1. Information

Submission Window: From 12:00 AM Eastern Time on March 1, 2025, to 11:59 PM Eastern Time on March 31, 2025
Sponsor: Qualcomm Technology Inc.
Competition: 2025 Low-Power Computer Vision Challenge (2025 LPCVC)
Vision Task: Monocular Relative Depth Estimation
Hardware: The submitted model will be evaluated under the following platforms on Qualcomm AI Hub:

Snapdragon 8 Elite QRD

Software: Qualcomm AI Hub
Technical Support: Subscribe to the newsletter or join the Qualcomm AI Hub Slack workspace. Make sure to join channel #lpcvc for competition related notifications.
Evaluation: Details see below
Prizes:
Champion: $1,500 + a laptop with Snapdragon X Elite processors (Snapdragon X Elite Laptop)
2nd: $1,000
3rd: $500
$200 for first 5 teams with valid submissions (better than sample solution)

2. Prerequisites

Two Registrations:

Each team is required to register a team account and sign the agreement document (one team only needs to register once).

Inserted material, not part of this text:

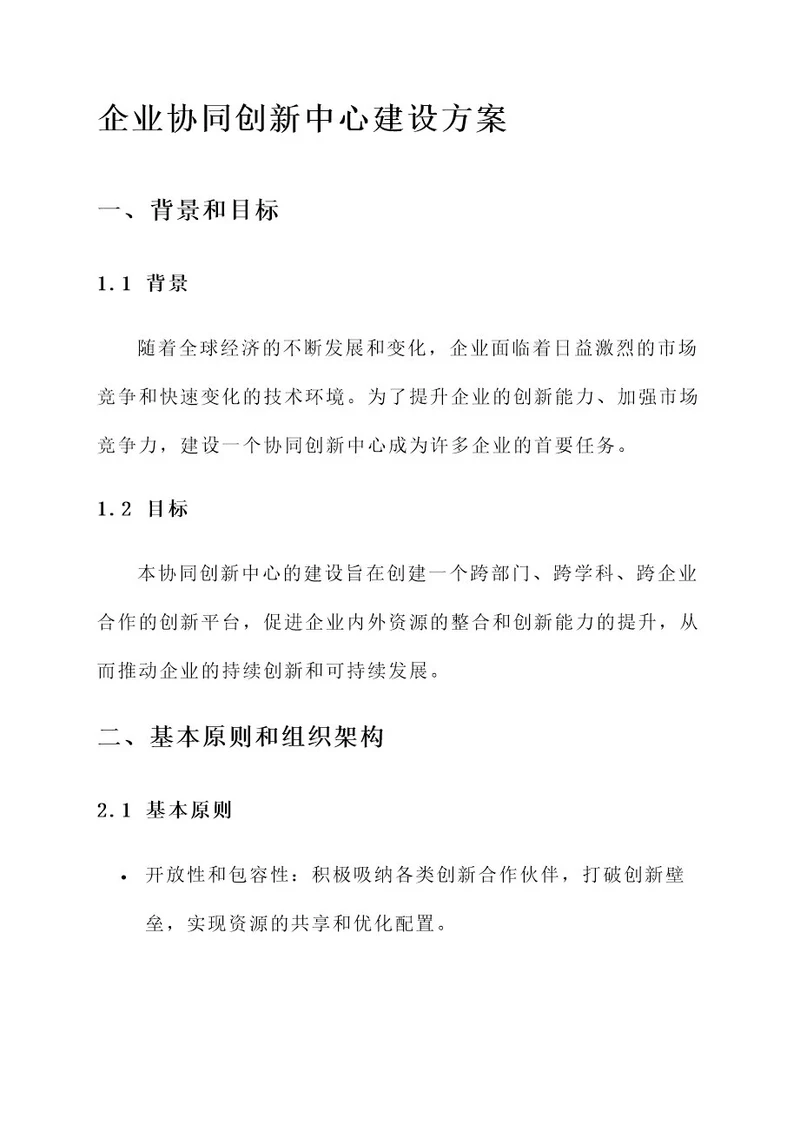 企业协同创新中心建设方案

We will use this registration information to manage teams and their submissions.
Sign up an account on Qualcomm® AI Hub (top right corner). Every team member can register an account if they want. The Qualcomm® AI Hub is a powerful tool for us to compile, profile, and infer images on real mobile devices.

Please refer to our sample solution for track3 for more details of participation.

3. Submission Format

Model Format: Participants can train their models using various libraries, such as PyTorch, ONNX, AI Model Efficiency Toolkit (AIMET) quantized models, and TensorFlow. Qualcomm AI Hub supports models trained with these libraries, and can directly compile them for mobile devices. Once the model is compiled using Qualcomm AI Hub, please follow the next two steps to submit it for evaluation and ranking.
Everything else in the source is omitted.